O dönemlerde Türkiye'nin Sovyetler Birliği ile münasebetleri de gurur duyulabilecek düzeyde değildi. Çin ile Türkiye arasında ise ciddî anlamda bir ilişki henüz başlamamıştı...
Doğu Türkistan devletinin, bir ülkenin bağımsız olduğunun ifadesi olan bütün sembolleri mevcuttu parası, bayrağı (mavi zemin üzerine beyaz ay-yıldızlı Gökbayrak) ve uluslararası seyahatlerde kullanılan pasaportu vardı. Daha açık olarak ifade etmek gerekirse tam anlamı ile meşru bir devletti. Dünyadaki Türk-İslâm düşmanı devletlerin Orta Asya bölgesinde kurulan ve Türk dünyasının bir ileri karakolu konumundaki "Doğu Türkistan İslâm Cumhuriyeti"ni tanımak istemeyişini normal karşılayabiliriz. Fakat; din, dil, örf, adet gelenek-görenek ve soy birliği bulunan Türkiye'nin Doğu Türkistan devletine soğuk davranması anlaşılabilir değildir.

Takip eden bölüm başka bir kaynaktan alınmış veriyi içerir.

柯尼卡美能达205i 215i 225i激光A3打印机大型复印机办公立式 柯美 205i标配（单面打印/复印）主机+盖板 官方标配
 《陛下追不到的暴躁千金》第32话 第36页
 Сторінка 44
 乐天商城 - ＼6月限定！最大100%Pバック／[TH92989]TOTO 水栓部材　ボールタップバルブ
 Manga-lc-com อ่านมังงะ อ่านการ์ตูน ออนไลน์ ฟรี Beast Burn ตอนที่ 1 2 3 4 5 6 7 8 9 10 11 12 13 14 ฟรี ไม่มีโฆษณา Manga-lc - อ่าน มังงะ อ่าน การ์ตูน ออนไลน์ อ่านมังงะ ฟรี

Türkiye dahil dünyanın hiçbir İslâm ülkesin den zerre kadar bir yakınlık ve destek bulamayan Doğu Türkistan Devleti, Rus ve Çin işbirliği sonunda yıkıldı. Haktan, hukuktan, insanlıktan, demokrasiden, insan haklarından söz eden dünya devletleri aradan geçen yıllarda zulüm sürecinin sonunda dahi popülist söylemlerle tabir yerinde ise mangalda kül bırakmayan duruşları ile Doğu Türkistan'a olan mesafelerini korumaktadırlar.
Şurası çok iyi bilinmelidir ki;
Tam bağımsız bir Doğu Türkistan devleti yeniden kurulmadıkça Batı Türkistan Türk Cumhuriyetlerinin mevcut bağımsızlıkları hiçbir zaman tehlike ve tehditlerden emin olamayacaktır.